**Exercise details**
Pictures are to be left out, and only the lines below starting at the one with "Accu'S En Opladers" and ending at the one with "Ledian Fit Pokémon center" are to be reproduced, each exactly, both ends included.

**Records provided**
--
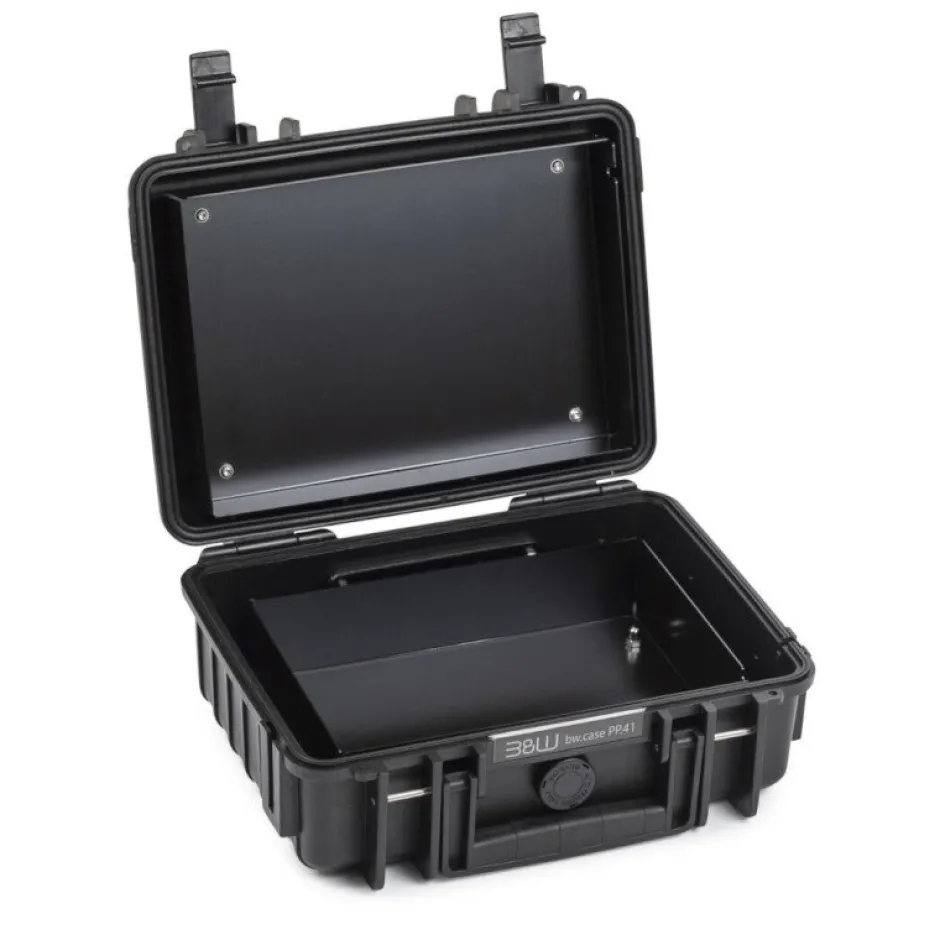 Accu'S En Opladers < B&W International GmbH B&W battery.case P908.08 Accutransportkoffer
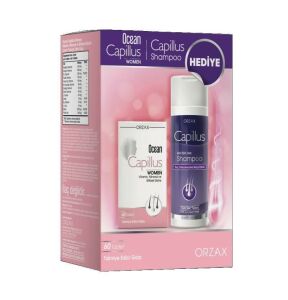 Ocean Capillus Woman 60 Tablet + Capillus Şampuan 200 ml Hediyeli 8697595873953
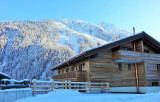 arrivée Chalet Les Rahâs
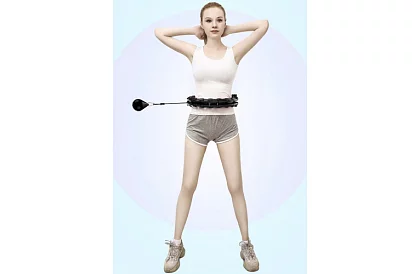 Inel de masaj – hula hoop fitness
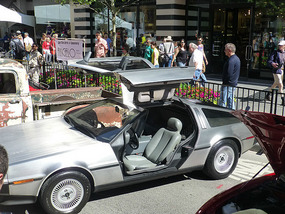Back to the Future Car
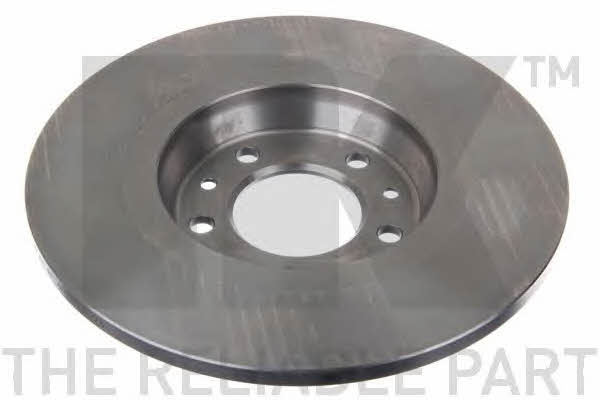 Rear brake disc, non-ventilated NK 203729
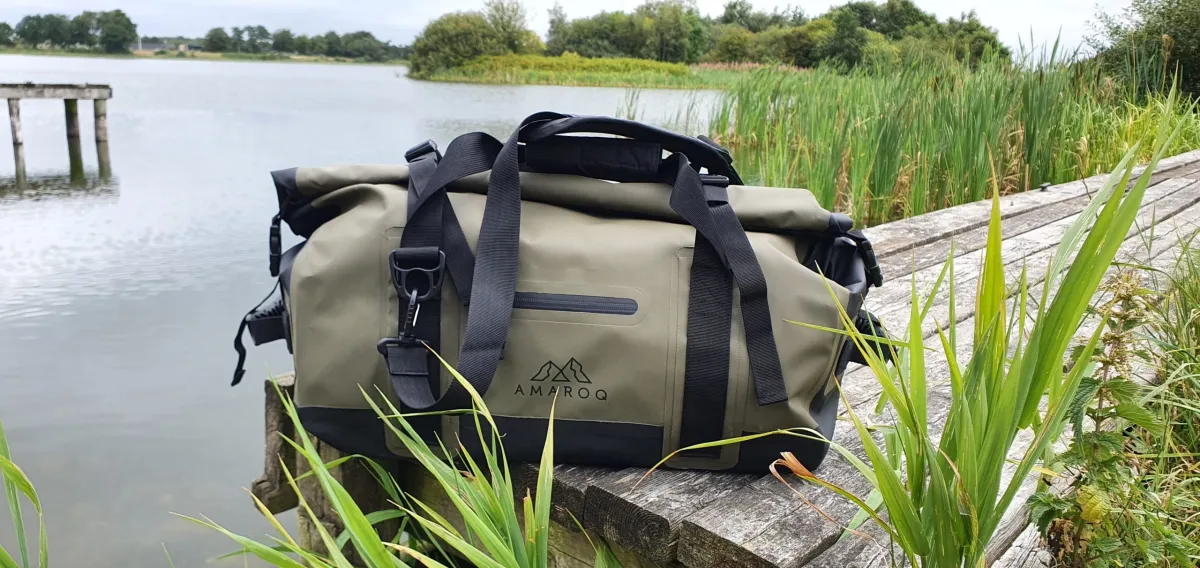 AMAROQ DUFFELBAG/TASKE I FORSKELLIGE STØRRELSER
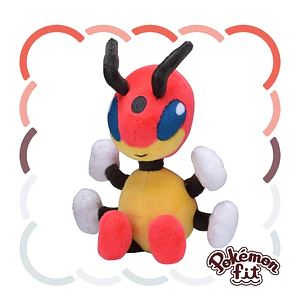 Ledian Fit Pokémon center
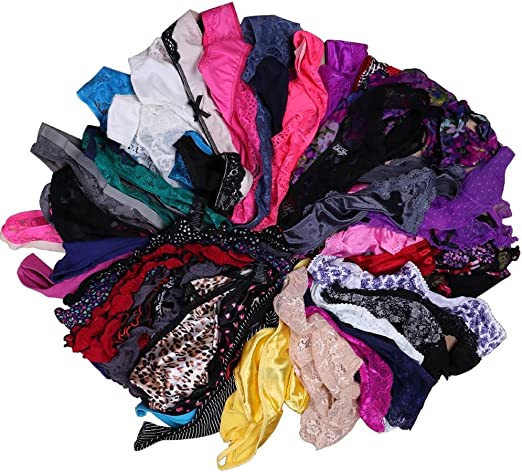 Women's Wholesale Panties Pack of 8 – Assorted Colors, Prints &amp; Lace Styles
--
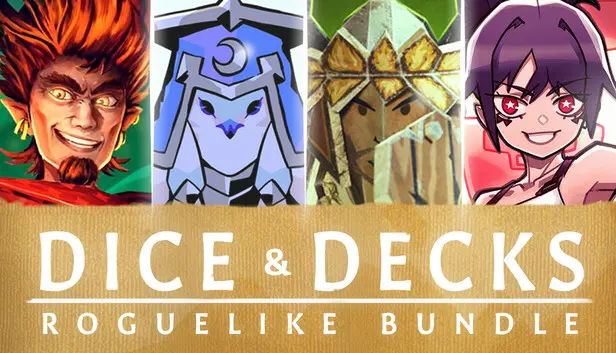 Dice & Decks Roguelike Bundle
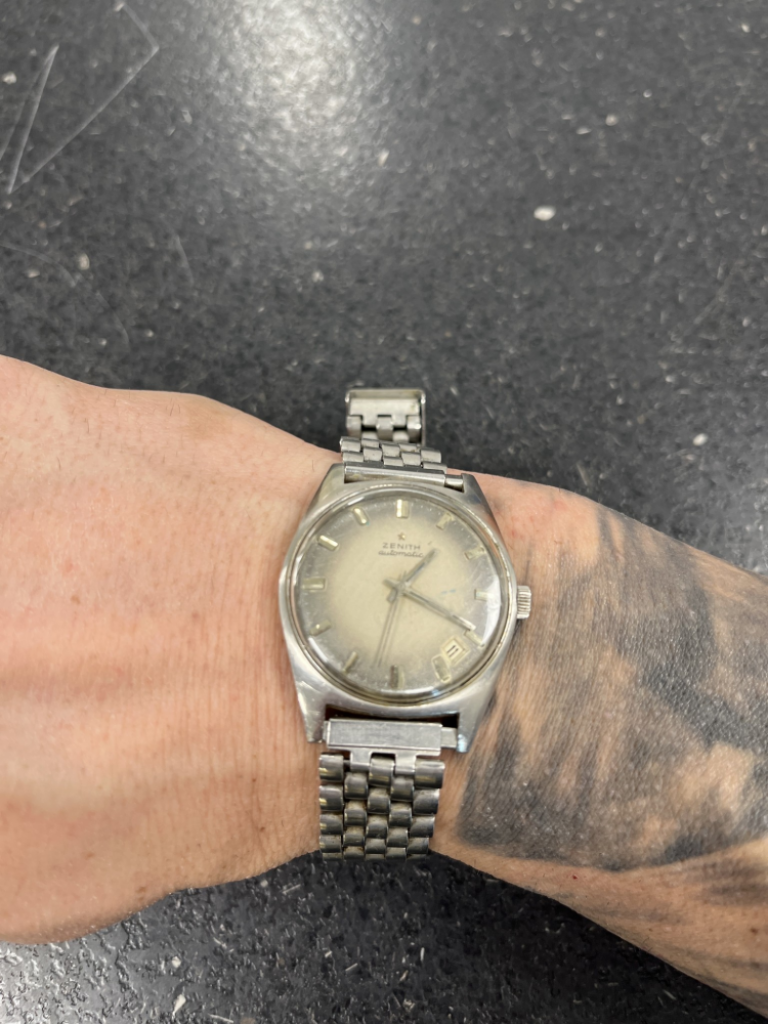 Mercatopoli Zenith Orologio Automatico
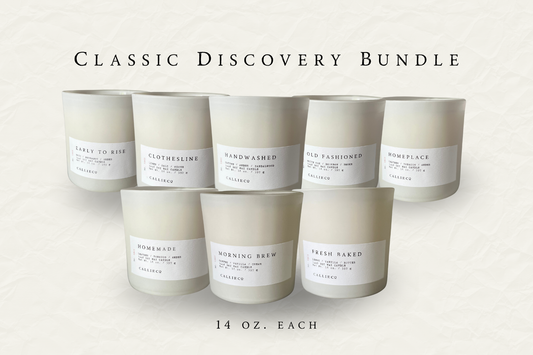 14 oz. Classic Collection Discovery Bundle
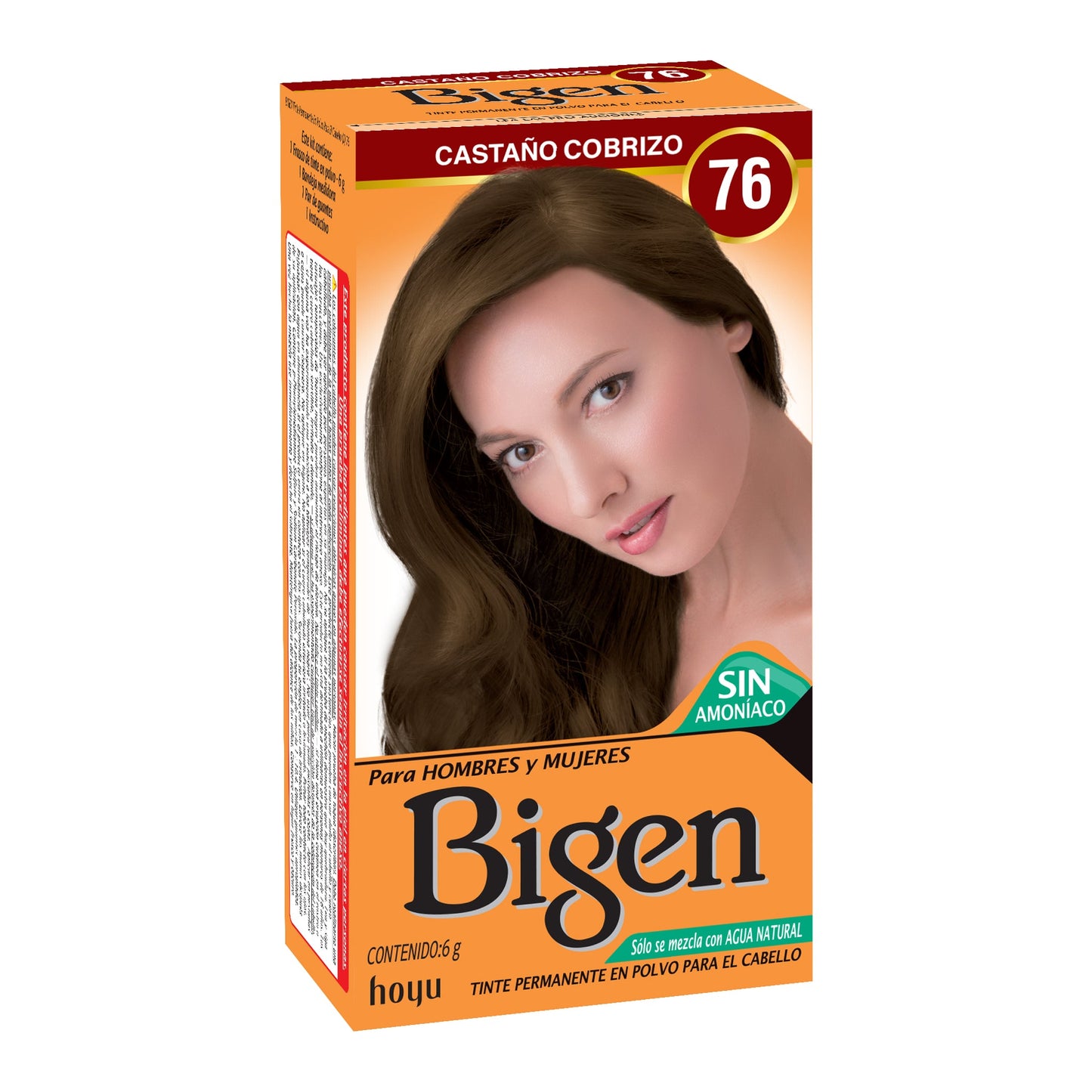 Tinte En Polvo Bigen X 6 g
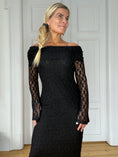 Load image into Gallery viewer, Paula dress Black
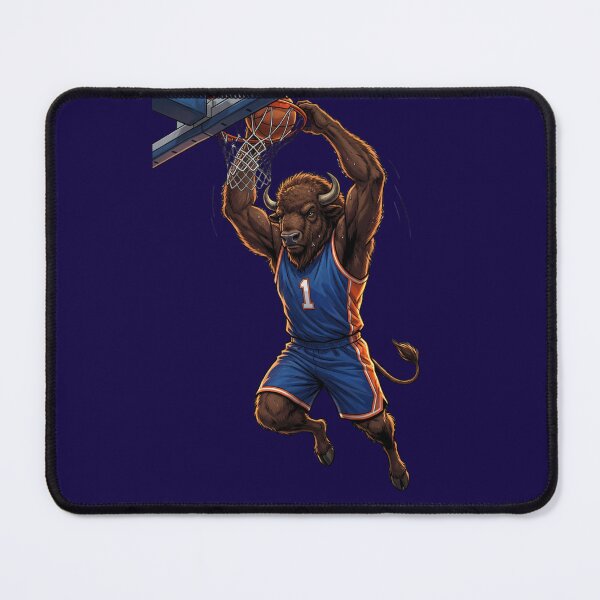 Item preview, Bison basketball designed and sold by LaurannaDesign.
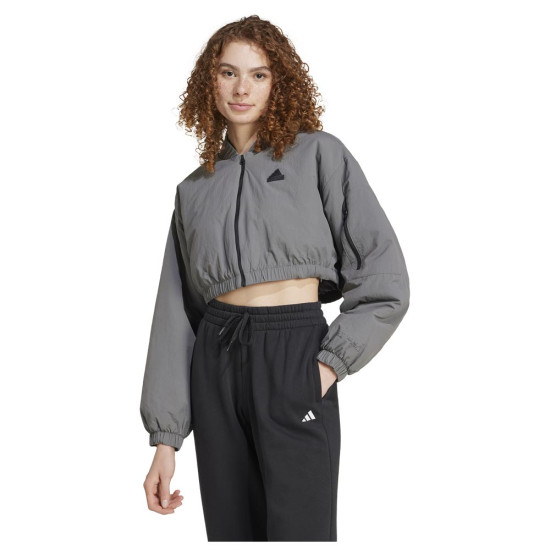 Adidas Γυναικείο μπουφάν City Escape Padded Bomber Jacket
--
**Your response**
 Accu'S En Opladers < B&W International GmbH B&W battery.case P908.08 Accutransportkoffer
 Ocean Capillus Woman 60 Tablet + Capillus Şampuan 200 ml Hediyeli 8697595873953
 arrivée Chalet Les Rahâs
 Inel de masaj – hula hoop fitness
Back to the Future Car
 Rear brake disc, non-ventilated NK 203729
 AMAROQ DUFFELBAG/TASKE I FORSKELLIGE STØRRELSER
 Ledian Fit Pokémon center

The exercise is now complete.